Ive been reading that the past couple of days lol


----------



## RileyChilds (Apr 22, 2015)

Personally I would create a ton of Dummy cues or use something like cue lab. Another option would be to configure your ION to only fire a MIDI cue on a specific cue. Traditionally cues get fired by lights to sound if using MIDI or some other control solution. 
//Riley


----------



## Joshualangman (Apr 23, 2015)

Here is a fairly standard way of doing this, and probably the best way, in my opinion.

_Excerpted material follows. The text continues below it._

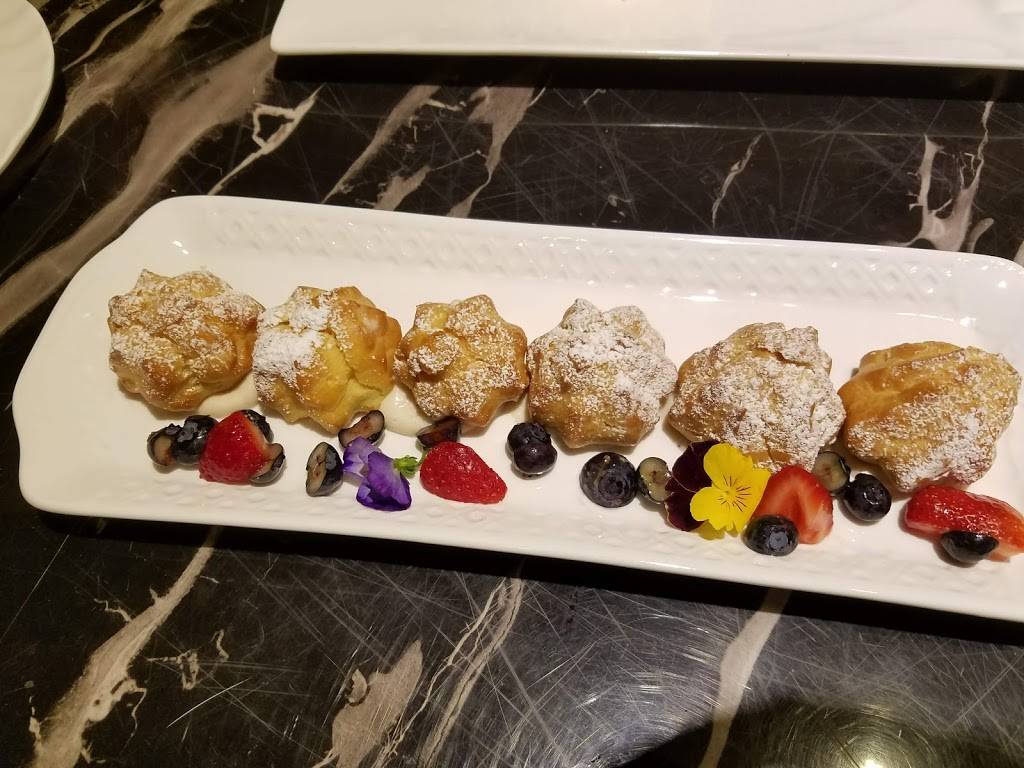 Shaherezada Restaurant | restaurant | 2390 Coney Island Ave, Brooklyn, NY 11223, USA | 3475872700 OR +1 347-587-2700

Let QLab run your show. It's show control software, it's made for this.
For each song, make a fire-all-simultaneously group in QLab containing the audio track and a number of MSC cues whose pre-waits are equivalent to the timecode when you want them to fire. These MSC cues (or OSC, or whatever) tell your Ion to GO.


----------



## sk8rsdad (Apr 23, 2015)

@Joshualangman, our preferred option is to do something similar except we start an MTC clock with a specific start time and use the show control in the Ion console to manage lighting events with an auto-follow to disable the MTC clock when the audio track ends.

It allows lighting changes to be made by the lighting people without having to coordinate everything with the sound and projections people. Also, we find it takes less effort to learn timing events in Ion's show control engine rather than having to code MSC events in QLab.


----------